A trajetória de Molina é marcada por entrelaçamentos entre moda, memória e militância.
“Eu sou neta e bisneta de costureiras nordestinas do Agreste de Pernambuco. Minha avó materna é indígena do povo Funio, e eu cresci vendo ela costurar”, conta. “Por outro lado, meu avô paterno era sociólogo, ativista político, exilado da ditadura, vindo de uma região do Peru que faz fronteira com o Acre. Então, costura e sociologia sempre estiveram presentes na minha vida”.
Processo ancestral
É com esse olhar interseccional que a estilista criou sua marca em 2016, após anos trabalhando com figurino, direção de arte e produção de moda. Com formação em design de moda pela Universidade de Buenos Aires e sociologia da arte em São Paulo, ela criou sua marca autoral como resposta à ausência de identidade nas grandes marcas.

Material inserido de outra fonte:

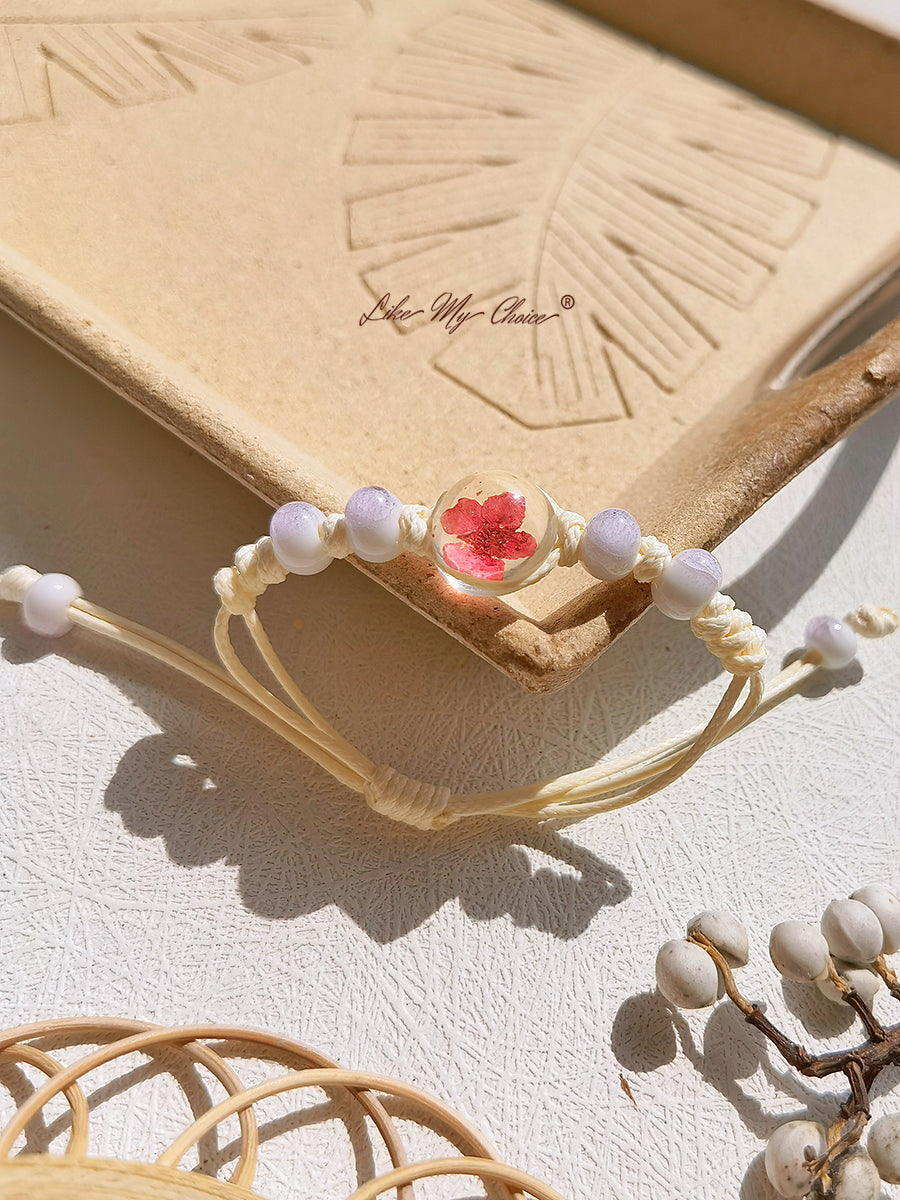 Bracelet tressé en céramique avec pierre de temps en fleurs de cerisier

“Essa relação ancestral sempre leva a gente pelo caminho que a gente tem que estar mesmo”, diz Molina. Foto: Reprodução
“A Nalimo [sua marca de moda] nasceu dessa necessidade de me ver, de ver minha cultura, nossa história e ancestralidade nas roupas. Foi também um jeito de honrar o trabalho invisível da minha avó, que costurou a vida inteira e nunca foi valorizada”, relembra.
A admiração por Chico Mendes vem de longe. Desde a infância, a entrevistada teve contato com livros e quadrinhos que narravam a história do líder seringueiro.
“Eu sempre admirei muito Chico Mendes. Em 2022, eu tive a chance de vestir Ângela para um evento especial na Semana do Clima em Nova York, com Janja, Lula e outros ativistas. Isso foi um marco para mim”, lembra.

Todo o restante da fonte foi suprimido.